Might does not make right—right?

Therefore right does not make might. Right?

But we want it to. “My strength is as the strength of ten because my heart is pure.”

If we insist that in the real world the ultimate victor must be the good guy, we’ve sacrificed right to might. (That’s what History does after most wars, when it applauds the victors for their superior virtue as well as their superior firepower.) If we falsify the terms of the competition, handicapping it, so that the good guys may lose the battle but always win the war, we’ve left the real world, we’re in fantasy land—wishful thinking country.

Homer didn’t do wishful thinking.

Homer’s Achilles is a disobedient officer, a sulky, self-pitying teenager who gets his nose out of joint and won’t fight for his own side. A sign that Achilles might grow up someday, if given time, is his love for his friend Patroclus. But his big snit is over a girl he was given to rape but has to give back to his superior officer, which to me rather dims the love story. To me Achilles is not a good guy. But he is a good warrior, a great fighter—even better than the Trojan prime warrior, Hector. Hector is a good guy on any terms—kind husband, kind father, responsible on all counts—a mensch. But right does not make might. Achilles kills him.

The famous Helen plays a quite small part in The Iliad. Because I know that she’ll come through the whole war with not a hair in her blond blow-dry out of place, I see her as opportunistic, immoral, emotionally about as deep as a cookie sheet. But if I believed that the good guys win, that the reward goes to the virtuous, I’d have to see her as an innocent beauty wronged by Fate and saved by the Greeks.

And people do see her that way. Homer lets us each make our own Helen; and so she is immortal.

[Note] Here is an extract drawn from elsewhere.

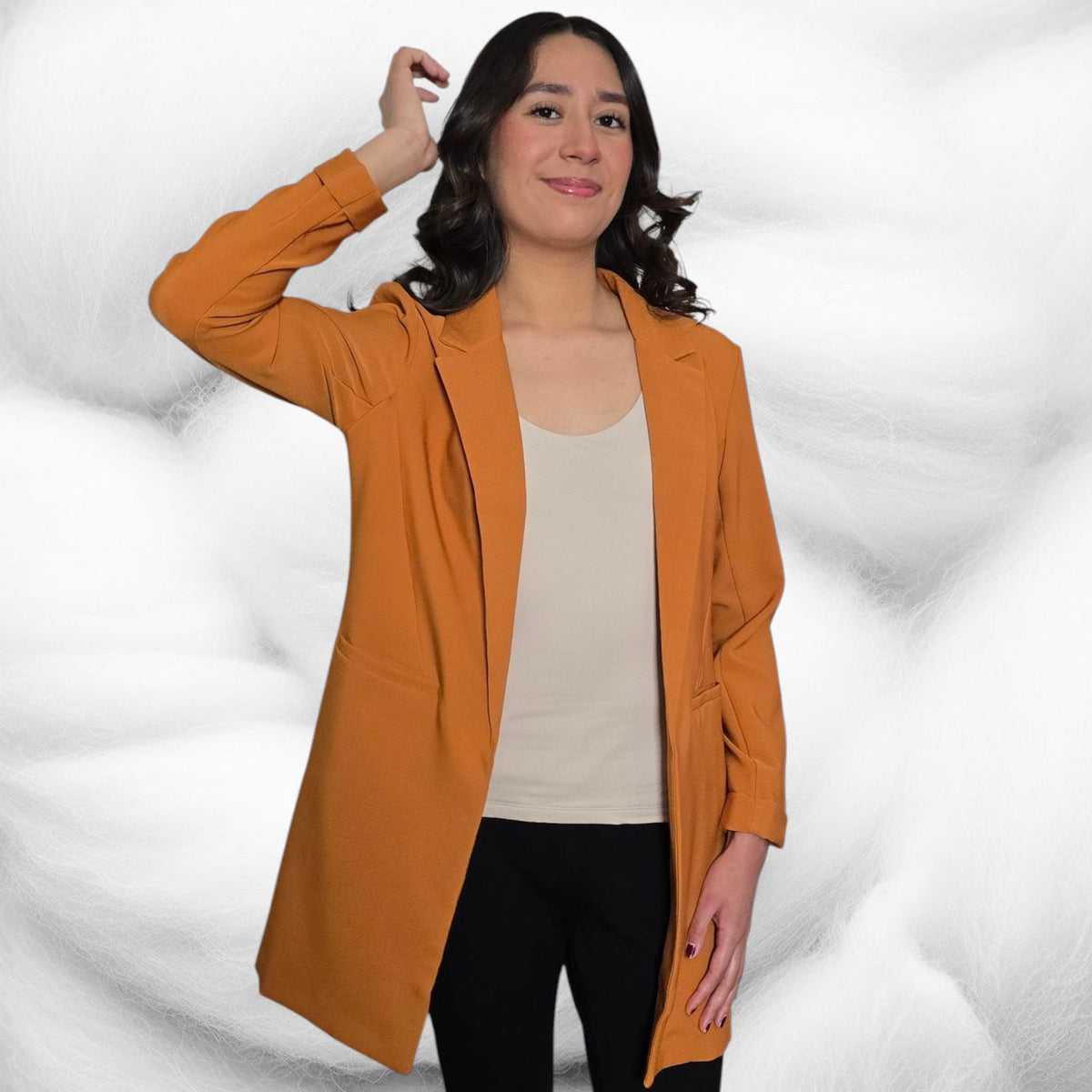 Women's Twill Princess Buttonless Long Blazer Jacket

I don’t know if such nobility of mind (in the sense of the impartial “noble” gases) is possible to a modern writer of fantasy. Since we have worked so hard to separate History from Fiction, our fantasies are dire warnings, or mere nightmares, or else they are wish fulfillments.

I don’t know any war story comparable to The Iliad except maybe the huge Indian epic the Mahabharata. Its five brother-heroes are certainly heroes, it’s their story—but it’s also the story of their enemies, also heroes, some of whom are really great guys—and it’s all so immense and complicated and full of rights and wrongs and implications and gods who interfere even more directly than the Greek gods do—and then, after all, is the end tragic or is it comic? The whole thing is like a giant cauldron of ever-replenished food you can dive your fork into and come out with whatever you need most to nourish you just then. But next time it may taste quite different.

And the taste of the Mahabharata as a whole is very, very different from that of The Iliad, above all because The Iliad is (unjust divine intervention aside) appallingly realistic and bloodthirstily callous about what goes on in a war. The Mahabharata’s war is all dazzling fantasy, from the superhuman exploits to the super­duper weapons. It’s only in their spiritual suffering that the Indian heroes become suddenly, heartbreakingly, heart-changingly real.


As for the Journey:

The actual travel parts of The Odyssey are related or ancestral to all our fantasy tales of somebody setting off over sea or land, meeting marvels and horrors and temptations and adventures, possibly growing up along the way, and maybe coming back home at the end.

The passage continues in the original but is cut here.